NPR logo Most Aviation Near Misses Involve Pilots Using Eyes, Not Instruments

Most Aviation Near Misses Involve Pilots Using Eyes, Not Instruments

Uncontrolled airspace like that over the Hudson River where the mid-air collision between a single-engine Piper and a sight-seeing helicopter accounts for about half the reports of near misses, according to NPR's Robert Benincasa who talked with host Madeleine Brand on All Things Considered.

Robert looked at near-miss data even before Saturday's accident, reviewing about 1,800 reports filed by pilots to the Federal Aviation Administration In the ten years from 1998 to 2008.

Not only did he find that nearly half of the reports came from uncontrolled airspace; he also learned that three-quarters of all the near-misses involved aircraft being operated under visual flight rules.

These flights tend to be of the general aviation variety, smaller, often single-engine aircraft whose pilots frequently are not certified to fly planes when cloud cover is relatively low. That requires a pilot to have an instrument rating. Flying using VFR, pilots must be able to navigate by sight to "see and avoid" hazards, including other aircraft.

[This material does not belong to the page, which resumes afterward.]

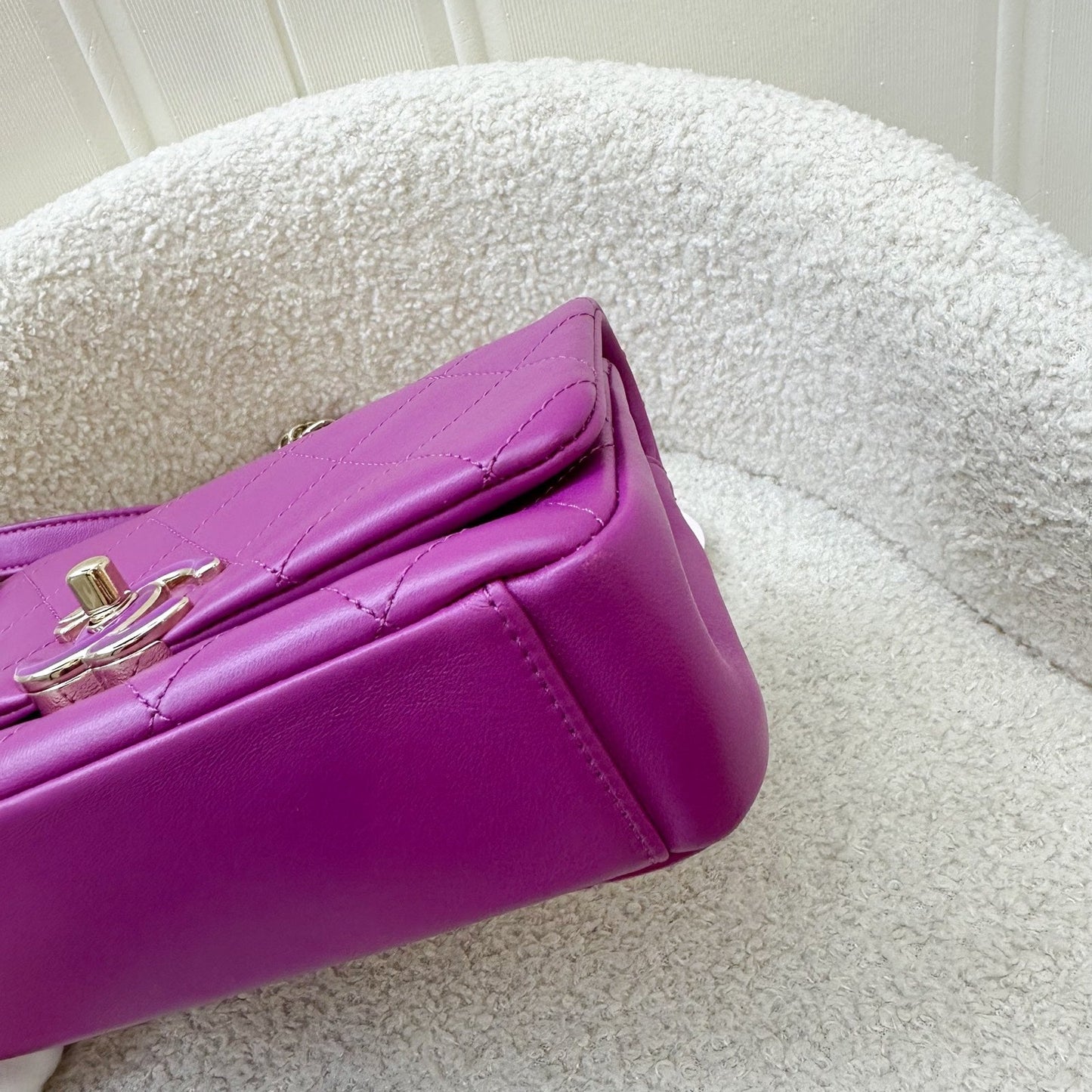 GLM-Seasonal Shoulder Flap Bag in Purple Lambskin and GHW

Madeleine asked how such an accident could happen on a "nice sunny day."

Robert said:

"It may be difficult because it's a nice, sunny day and there's so much traffic. Pilots tell me it's very difficult to keep track of it all and worry about controlling your aircraft. So, the pilots, relying on their eyes, there also subject to the limitations of their vision."

Meanwhile, there was another sort of near miss. Swimmer Dana Torres told the Associated press she took a helicopter tour with the ill-fated pilot just days before Saturday's accident.

The Associated Press reported:

Swimmer Dara Torres says she took a New York helicopter tour last week with the same pilot who died in a crash with a small plane over the Hudson River.

Torres tells The Associated Press she took her 3-year-old daughter, Tessa, on a tour last Thursday during a stopover in New York after the world swimming championships. The helicopter belonged to Liberty Tours and was flown by 32-year-old Jeremy Clarke.